Gefärbt, glatt oder doch lieber ganz natürlich: Mit ihren Experimenten mit Holz eröffnen Designer neue Möbelperspektiven. Dabei achten sie streng auf Nachhaltigkeit und plädieren für den Schutz der Tropenwälder.

Wenn man es geschafft hat, nachgemacht zu werden, kann man das als Qualitätsbeweis werten. Das gilt für Doktorarbeiten, Sportschuhe und Uhren ebenso wie für Materialien. Nun ist Holzimitat nichts Neues. Was sich allerdings der Japaner Oki Sato alias Nendo ausgedacht hat, ist doch ein paar Zeilen wert. „Transparent Table“ heißt der Tisch, den er in diesem Jahr der staunenden Öffentlichkeit zeigte. Das „Holz“ bekam dabei eine Eigenschaft, die ihm Mutter Natur nicht zugedacht hatte: Es wurde durchsichtig.

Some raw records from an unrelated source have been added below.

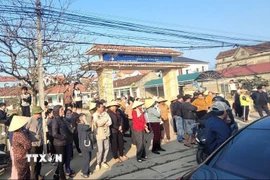 Rất đông phụ huynh học sinh tập trung phản đối không đồng ý để con em mình chuyển đến học ở địa điểm trường chính trung tâm phường Quảng Phúc, thị xã Ba Đồn. (Ảnh: Tá Chuyên/TTXVN)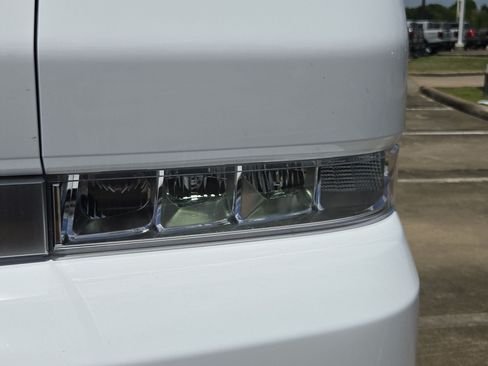 Used 2025 Chevrolet Brightdrop 600 FWD image 11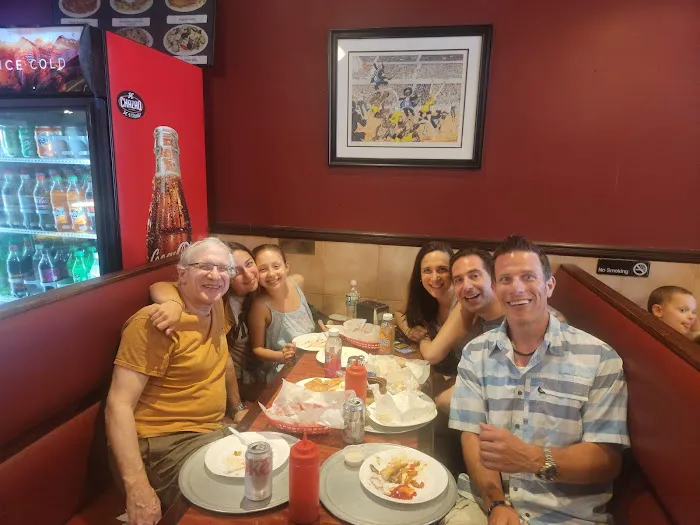 Benny's Brick Oven Kosher Pizza Picture 5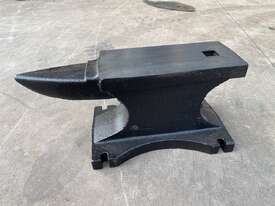 200lb Cast Iron Anvil  - picture0' - Click to enlarge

Denn Satos Tisch ist aus Kunststoff. Die Enden jedoch sind zerfranst als wäre die Tischplatte aus verschiedenlangen  Balken, ihre Oberfläche ist gemasert. Die braune Variante wirkt von Weitem wirklich wie Holz und erst beim näheren Hinsehen bemerkt man, dass es sich im Kunststoff handelt. Beim transparenten Tisch ist es umgekehrt. 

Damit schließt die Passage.